TIPP CITY — The Tipp City Police Department hosted an open house geared toward better interactions between law enforcement officers and individuals with autism on Saturday in Tipp City Park.
The event was inspired by training attended by Tipp City police officer Parrish Brazel that highlighted autistic individuals as a substantial presence in the community at large, and how education on interacting with these individuals is now vital for those who serve and protect the public.
“We recognize that autism is growing at a substantial rate,” Parrish said. “As many as 1 in 50 people are being diagnosed now, and those people are seven times more likely on average to come into contact with police. We see that as a need for us as law enforcement officers to be ready to interact with these individuals.
“Getting more training under our belt will allow us to recognize if an individual is diagnosed with an autism spectrum disorder versus just being non-compliant. It’s another tool we’ll have to be ready and prepared to meet these individuals.”
Representatives from the Tipp City Police Department, Tipp City Fire Department, and Tipp City EMS were on site with various emergency vehicles and giveaways offered to guests.

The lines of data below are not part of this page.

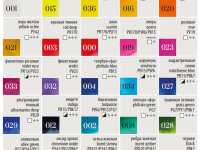Набор акварели Малевичъ "Veroneze" 25 цв*1,5 мл, металлическая коробка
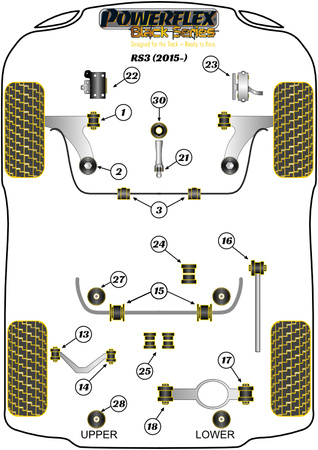 Alacsonyabb nyomatékú kis persely Powerflex poliuretán szilent Black Series Audi A3 / S3 / RS3  A3 / S3 / RS3 8V (2013 - 2020) RS3 MK3 8V (2015 - 2020) PFF3-1326BLK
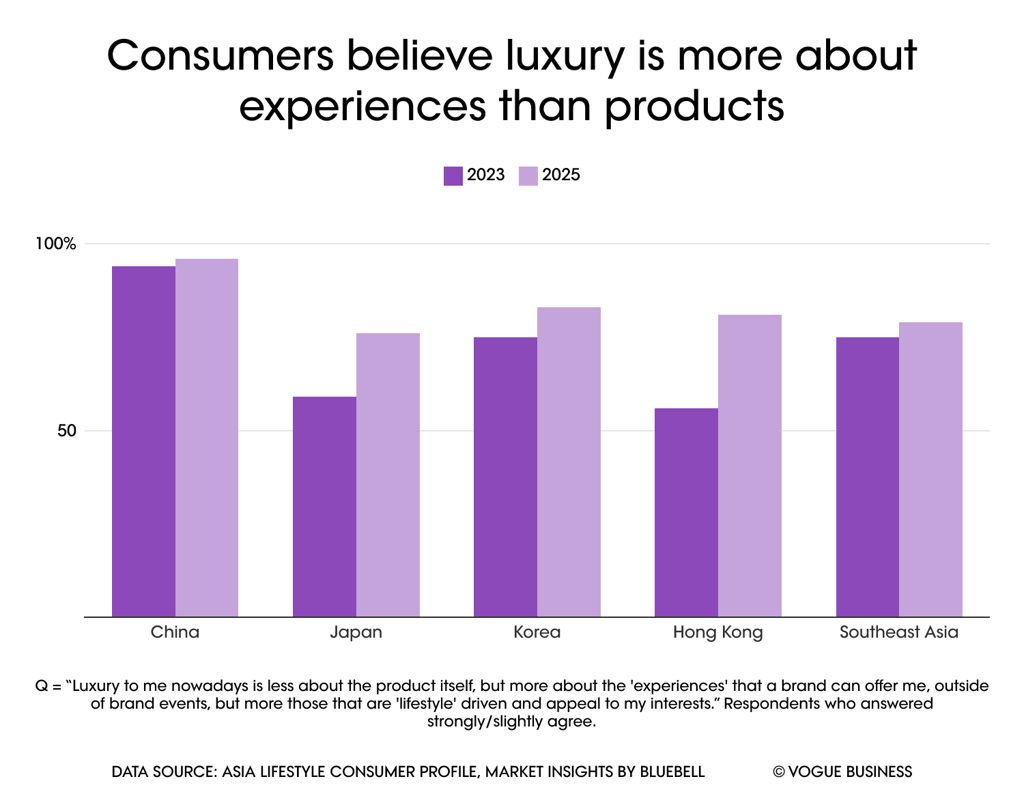 BDP+Partners, insights, vietnam, consulting, marketing, luxury market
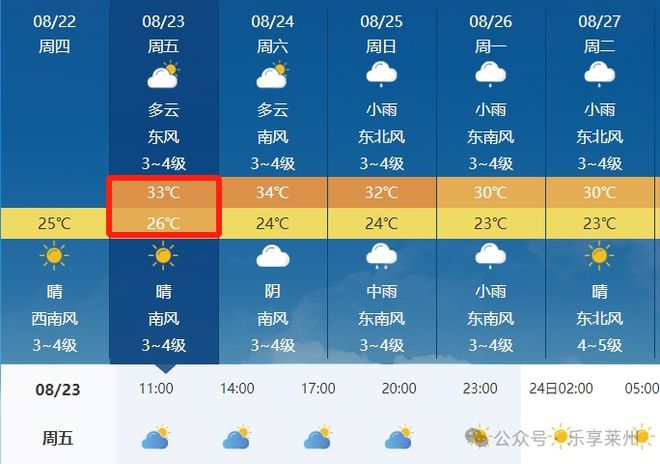 重磅发布，2024年超新星聚爆账号来袭，科技引领未来篇章体验新纪元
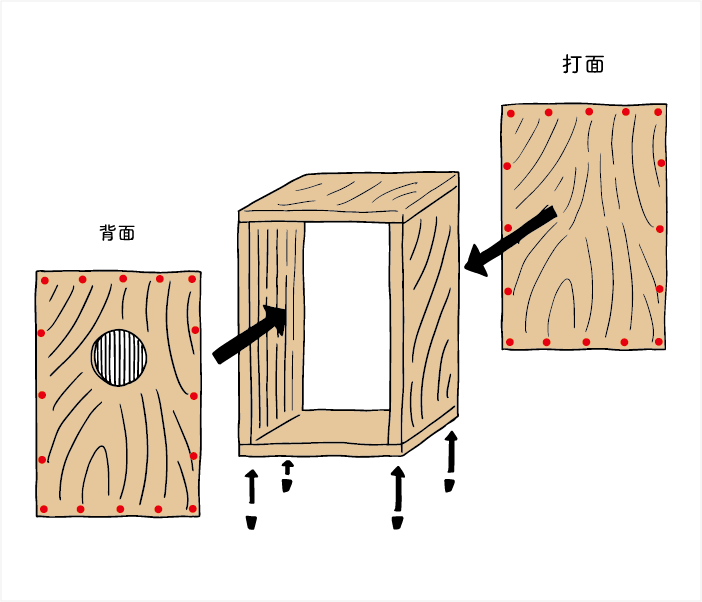 カホン | 1分間動画で見るDIYレシピ One minute DIY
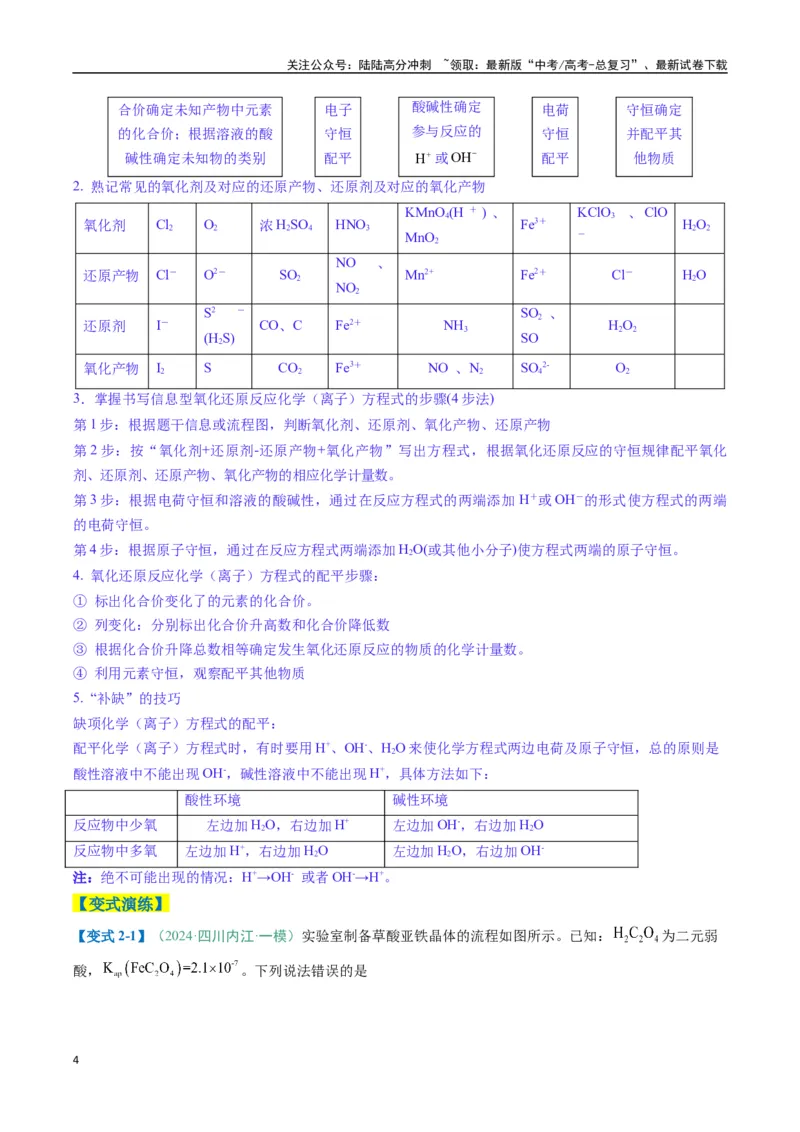 《题型05离子反应-（新高考通用）（原卷版）_05-化学-高考总复习_二轮复习_2025年_2025年高考化学二轮热点题型归纳与变式演练（新高考通用）》第4页预览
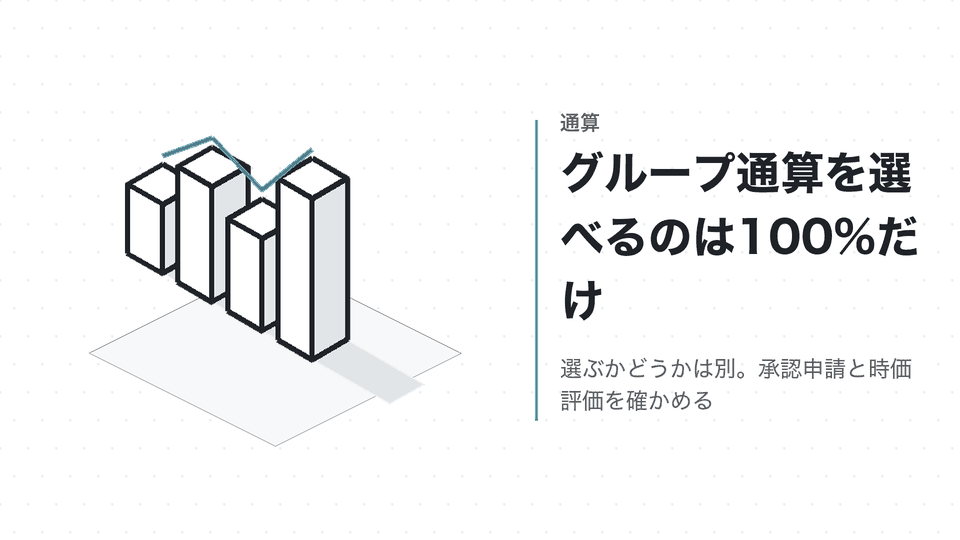 グループ通算を選べるのは100%だけ。選ぶかどうかは別。承認申請と時価評価を確かめる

Autumn Trails Therapeutic Riding Center of Springfield and the Dayton chapter of Canines for Christ were also present with several therapy horses and dogs for guests of all ages to interact with.
Goodwill Easter Seals was on site with a booth providing information on available services and assistive technology, and how these resources can improve communication between autistic people and others.
“A lot of times, the communication barrier is the biggest challenge we face with autistic individuals,” Parrish confirmed.
Representatives from the Riverside of Miami County Board of Developmental Disabilities were also on site to provide information on their services, including the Play and Language for Autistic Youth (PLAY) program, which allows families to better engage with autistic children.
“We at Riverside are really excited that the folks we serve with autism have the chance to interact with first responders, and that first responders are initiating this opportunity,” said community awareness and opportunities director Melissa Nichols. “Having folks in the community understand autism and giving people with autism the opportunity to interface with officers is really important.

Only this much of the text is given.